Excerpted records START
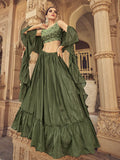 Myra Olive Chinon & Art SIlk Embroidered Designer Lehenga Choli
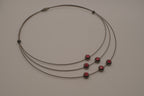 Contemporary multi-strand cable wire choker necklace
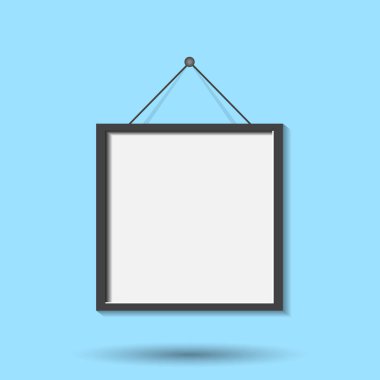 Gerçekçi fotoğraf çerçevesi üzerinde mavi arka plan izole. Fotoğraf çerçeve vektör çizim.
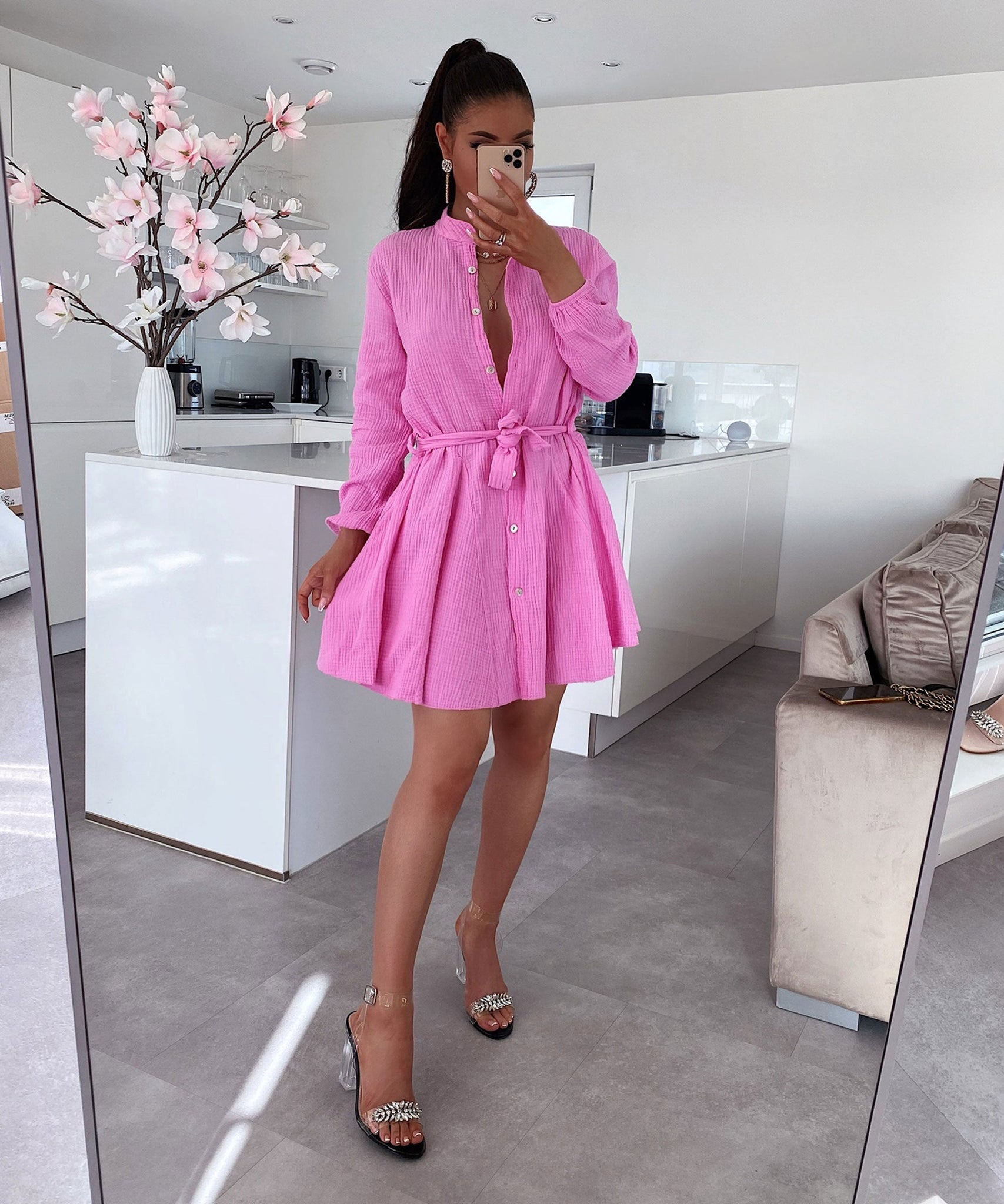 Musselin Kleid Daisy Hellpink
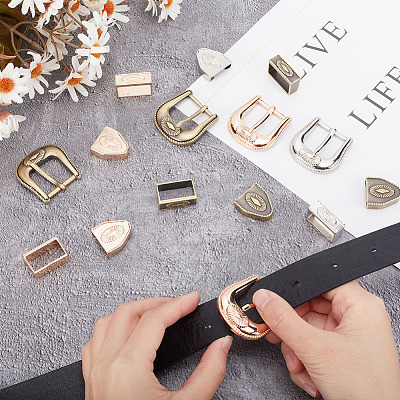 6 Sets 3 Colors Belt Alloy Buckle Sets FIND-WR0011-10-1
Excerpted records END
▶ **Assigned task**
Could you return exactly the lines starting with the one that contains "Contemporary multi-strand cable" and ending with the last line of the data above? Leave the pictures out.

▶ **Solution**
 Contemporary multi-strand cable wire choker necklace
 Gerçekçi fotoğraf çerçevesi üzerinde mavi arka plan izole. Fotoğraf çerçeve vektör çizim.
 Musselin Kleid Daisy Hellpink
 6 Sets 3 Colors Belt Alloy Buckle Sets FIND-WR0011-10-1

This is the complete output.